La historia de la Cacica Gaitana, es cruel, despiadada y triste.

Con la orden de fundar un asentamiento de españoles en la provincia de Timaná, Pedro de Añasco (primer alcalde de Popayán) logró establecer relaciones amistosas con los pueblos de paeces y yalcones circunvecinos, hacia 1538. Sin embargo, este conquistador modificó radicalmente su actitud, cuando regresó a la región acompañado de más españoles para establecer definitivamente la población proyectada. La nueva actitud de Añasco causó rechazo entre los indígenas, quienes empezaron a hacer demostraciones de rebeldía frente a sus exigencias.

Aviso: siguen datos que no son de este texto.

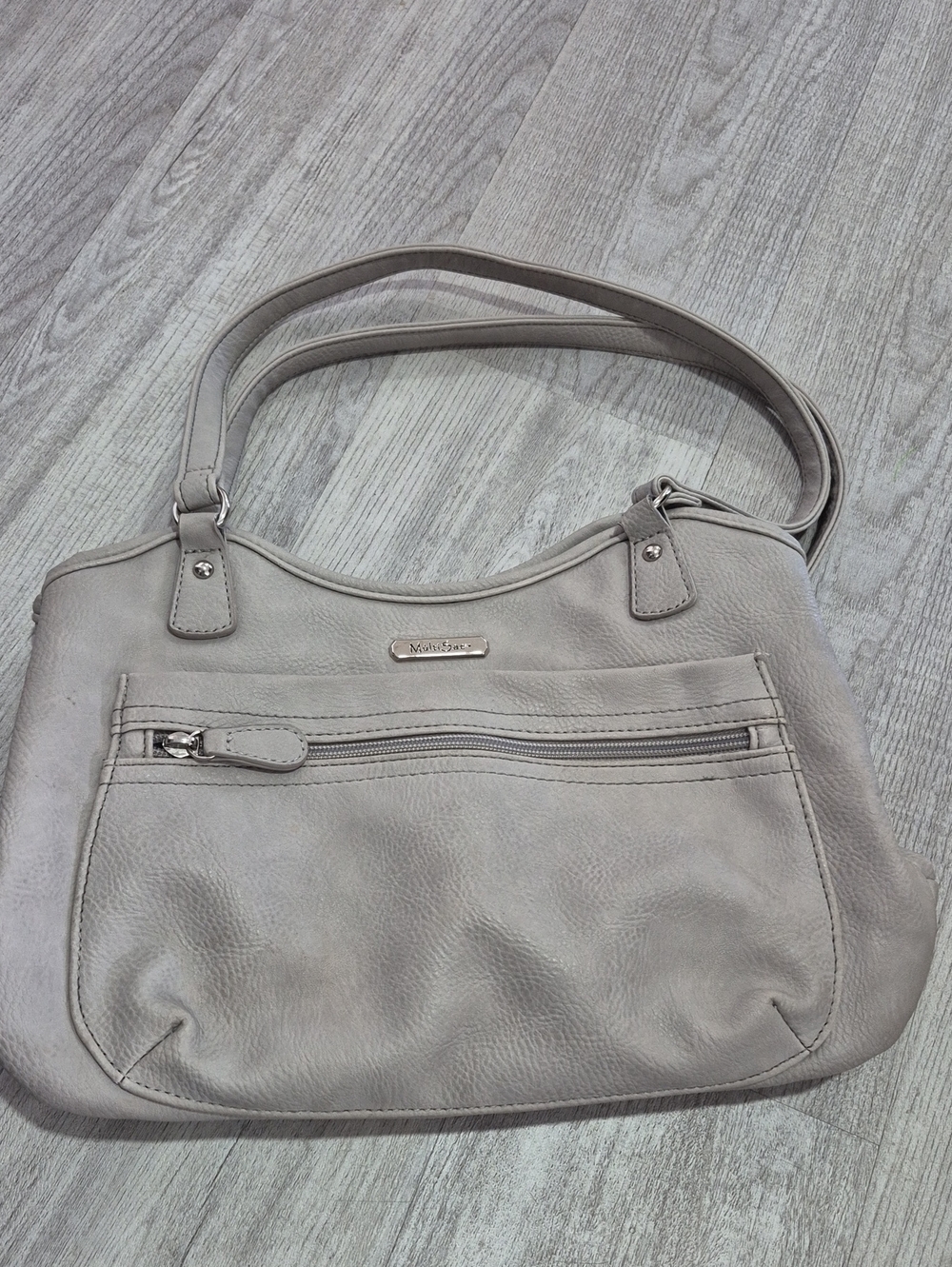 Neutral Gray Shoulder Bag with Front Zip by MultiSac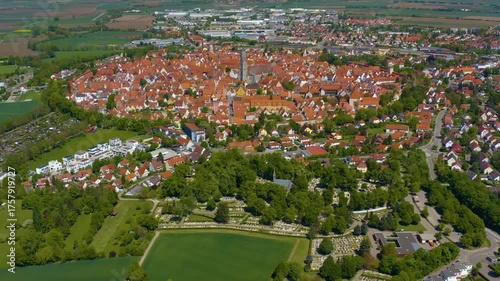 Aerial panoramic view of the old town city Nördlingen in Bavaria in Germany on a sunny spring day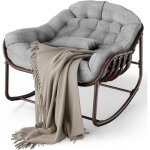 Fauteuil � bascule papasan avec coussin et cadre m�tal ? rocking chair ?uf pour jardin balcon terrasse ...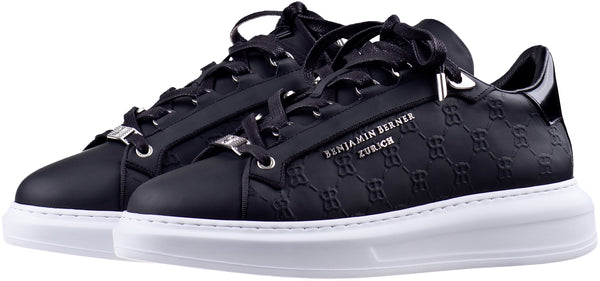 BNJ ACHILLE BLACK MONOGRAM EMBOSSED MATT NAPPA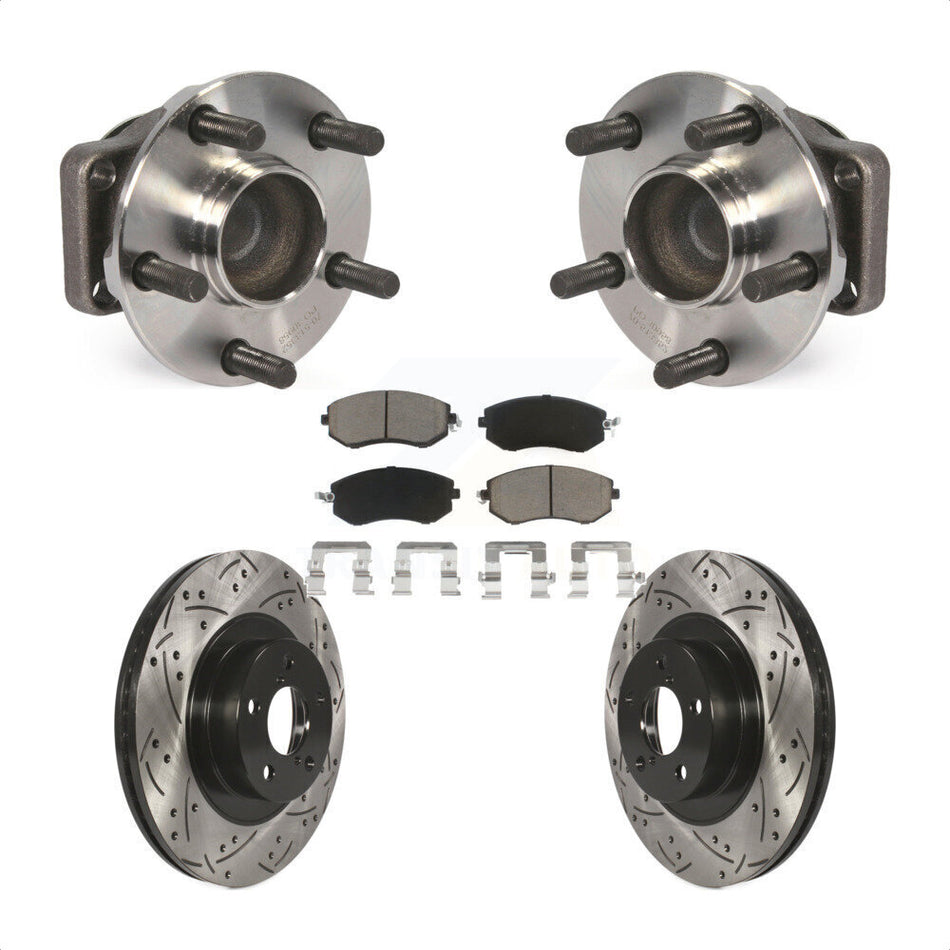 Front Hub Bearing Assembly With Coated Drilled Slotted Disc Brake Rotors And Ceramic Pads Kit For Scion FR-S Subaru BRZ Toyota 86 KBB-120128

Una de ellas salió a relucir cuando ordenó presentarse al hijo de una señora viuda, obedecida por gran número de vasallos y emparentada con los más principales de ellos, que fue conocida con el nombre de Gaitana. El joven no se presentó con la celeridad que Añasco deseaba, por lo cual lo hizo prender y quemar vivo en presencia de su madre, cuyos ruegos no fueron escuchados. La cacica, impotente ante la muerte de su hijo, buscó el apoyo de los dirigentes paeces, piramas, guanacas y yalcones para tomar venganza del español. Más de seis mil yalcones y otros tantos guerreros de los demás cacicazgos atacaron a los españoles y tomaron preso a Añasco.

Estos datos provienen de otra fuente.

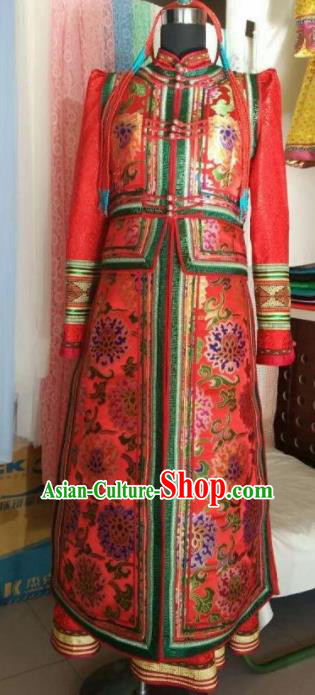 Traditional Chinese Mongol Nationality Wedding Red Dress Mongolian Ethnic Dance Stage Show Costume for Women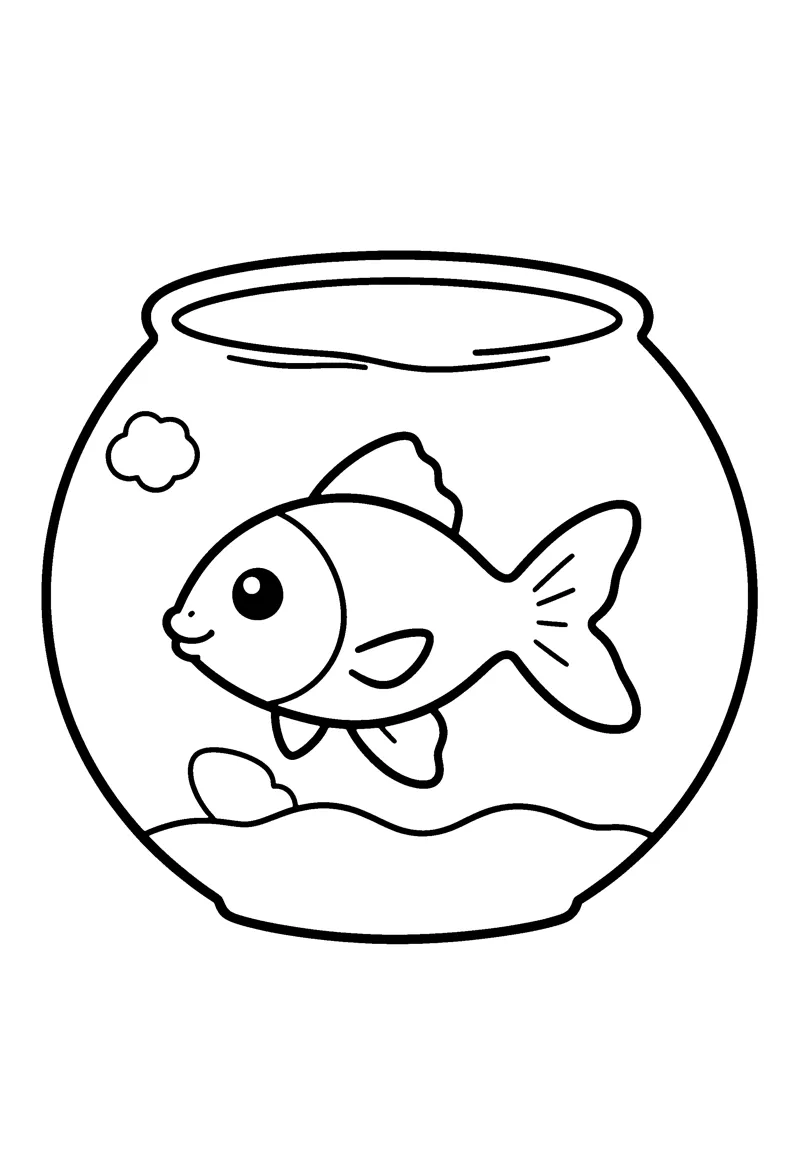 Goldfish coloring page preview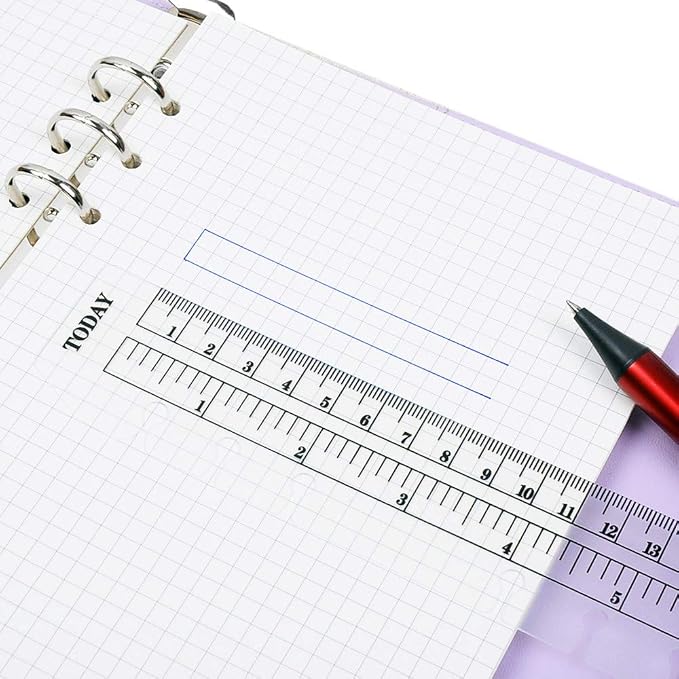 JKJF 4 Pcs Plastic Page Marker Snap-in Bookmark Ruler Binder Ruler for A5 A6 Size 6-Hole Notebook Filler - Clear and Black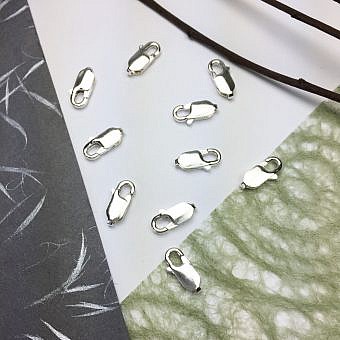 5.5 x 12mm Rectangle Lobster Claw Clasps Sterling Silver .925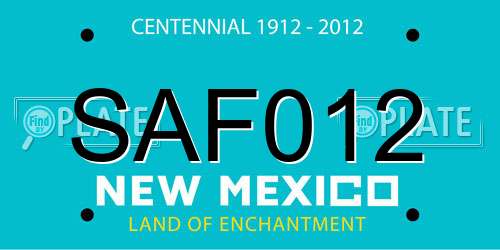 SAF012 New Mexico License Plate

Entonces, la Gaitana ejecutó en él los tormentos ideados por una madre que nunca pudo perdonar a quien hiciera morir a su hijo abrasado por las llamas. Le sacó los ojos y le perforó debajo de la lengua para pasarle una soga, de donde lo llevaba tirado de pueblo en pueblo y de mercado en mercado, mostrándolo a todos. Al morir, su cuerpo fue exhibido como trofeo y allí hombres y mujeres entonaron cantos en los que relataban los hechos. Los indígenas, unidos contra el invasor, habían vencido a Añasco y a sus hombres.